China has been paying more for coking and thermal coal after placing an unofficial ban on Australian exports, with Fastmarkets reporting tightness of supply in the Russian and Chinese domestic markets.

That has elevated coal prices internally within China to prices so high Commonwealth Bank says the Chinese Government is considering price caps, though they would be above the upper end of current spot prices.

Australian prices have lagged but trended upwards in recent months.

Fastmarkets reported on Friday premium hard coking coal prices of $US169.22/t (up 54c/t) fob Dalrymple Bay Coal Terminal, and hard coking coal prices of $151.93 per tonne, (up $6.50 per tonne).

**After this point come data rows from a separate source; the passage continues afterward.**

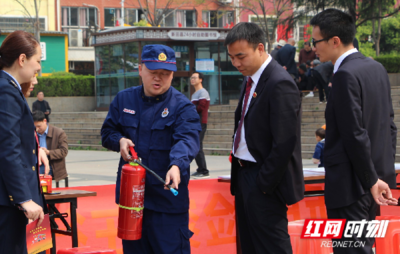 新田開展&ldquo;3&middot;15&rdquo;消防產(chǎn)品專項檢查和宣傳行動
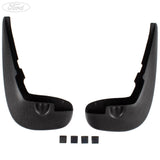 Ford Focus Mk1 1998-2001 Kit de bavettes avant berline & break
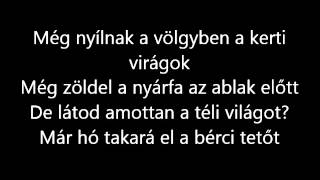 Halott Pénz, Fluor, Deego   Szeptember végén dalszöveg chords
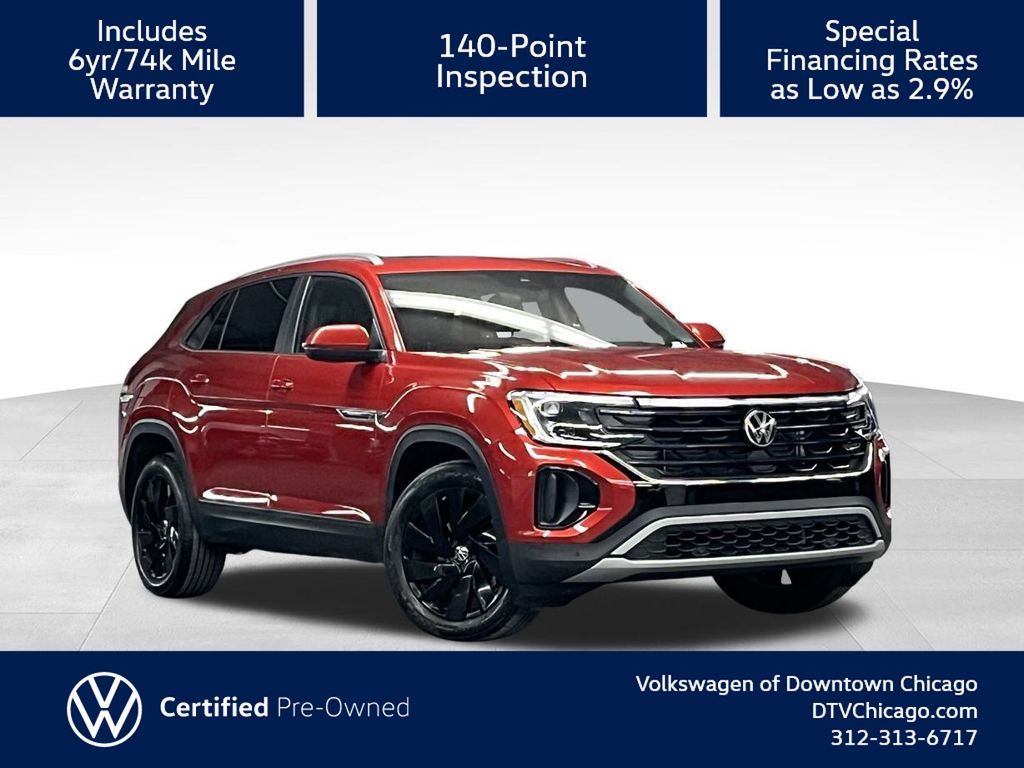 2025 Volkswagen Atlas Cross Sport 2.0T SE w/Technology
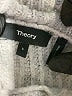 Theory Silver Gray Turtleneck Sweater Size S - photo 6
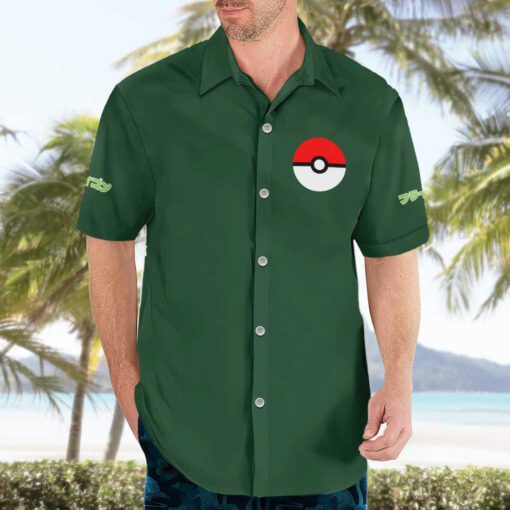 Chemise hawaïenne Libegon (Flygon) Pokémon – Image 3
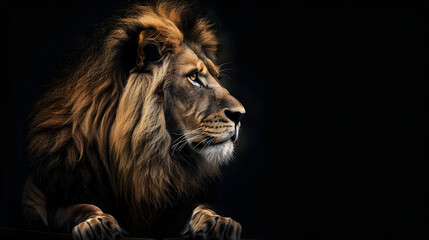 Fototapeta premium Lion
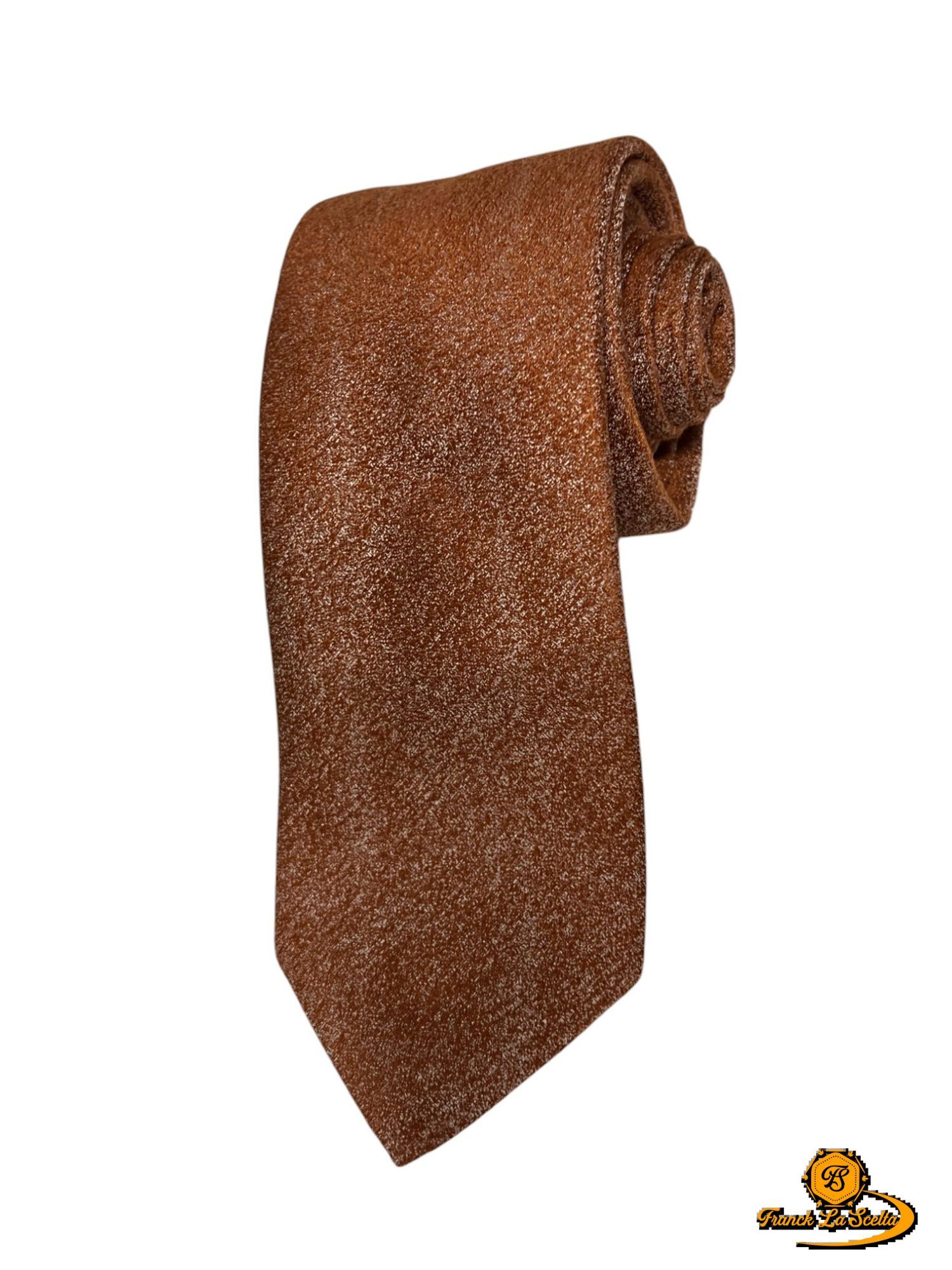 Franck La Scelta Handmade Italian Tie(Brown)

In a note last month analysts at Goldman Sachs wrote they expected Australian hard coking coal to trade at $US160/t in the second half of 2021.

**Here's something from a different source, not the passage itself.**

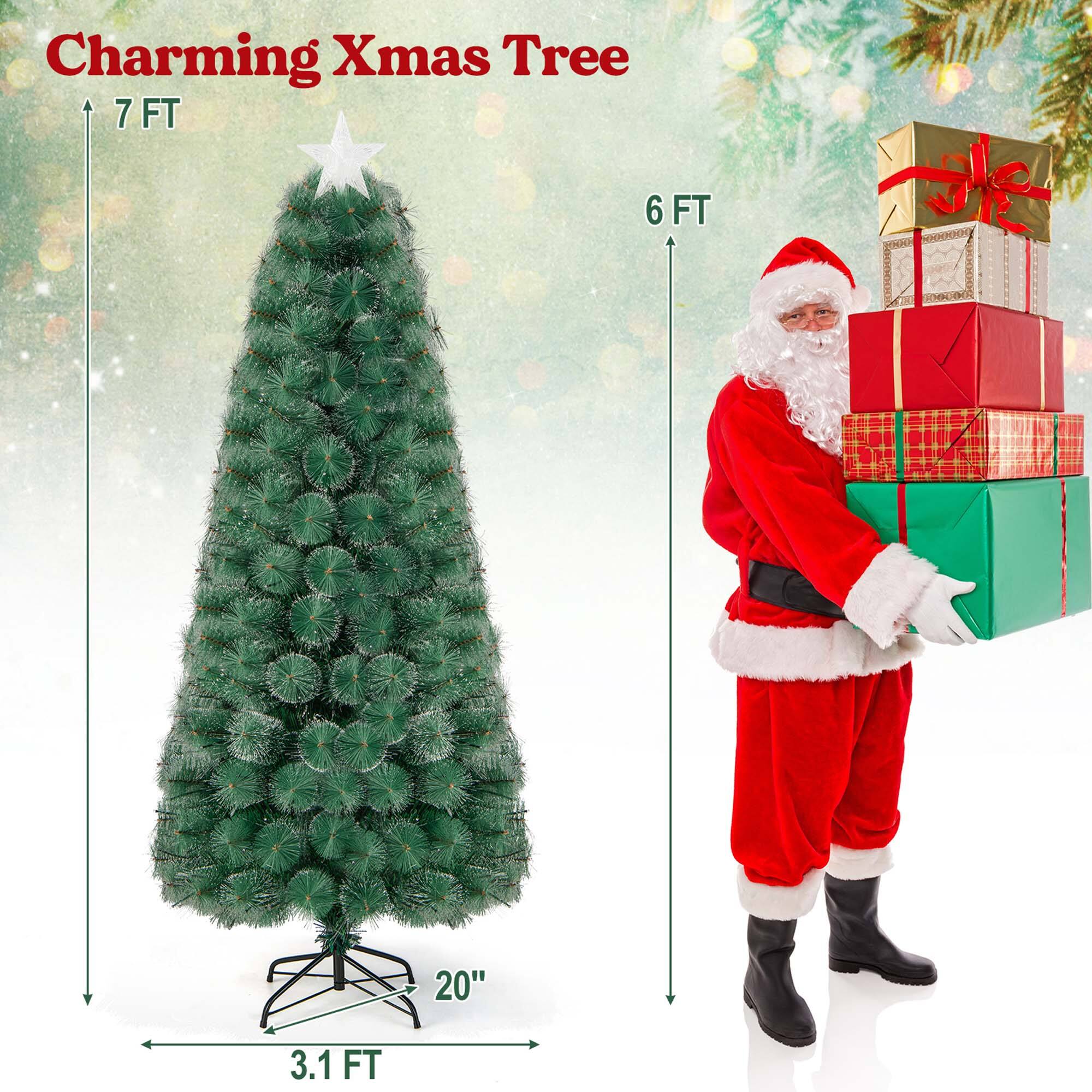 Charming Xmas Tree 7 FT 6 FT 20" 3.1 FT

The Chinese export ban and lower prices for coal during the pandemic has put a dent into Queensland’s budget, released yesterday, with royalties sliding from $3.5b in 2019-20 to $1.75b this financial year.

While higher prices are expected to pull it back over $2b next year, the ongoing impact of the Chinese ban means there remains plenty of downside risk for the State’s coffers.

Not all ASX-listed stocks are suffering though, and all bar two on the Bulk Buys watchlist were winners over the past week.

Allegiance Coal (ASX: AHQ) was up 23 per cent as it beds down operations at its freshly opened New Elk coking coal mine in Colorado in the States, which is still exporting coal to China despite diplomatic tensions.

New Elk has a small domestic supply deal and is due to begin shipping coal to Asia in the second half of the year, ramping up to an annualised rate of 1.6Mt per year for a 24-year mine life.

The company announced the start of production on May 24.

Allegiance has backing to open a second production unit at New Elk after selling a strategic stake in the company to Global Energy and Resources, the Singapore based company which backs Queensland coal miner Stanmore Resources and owns a share of EMR Capital’s Ravenswood gold mine, also in the Sunshine State.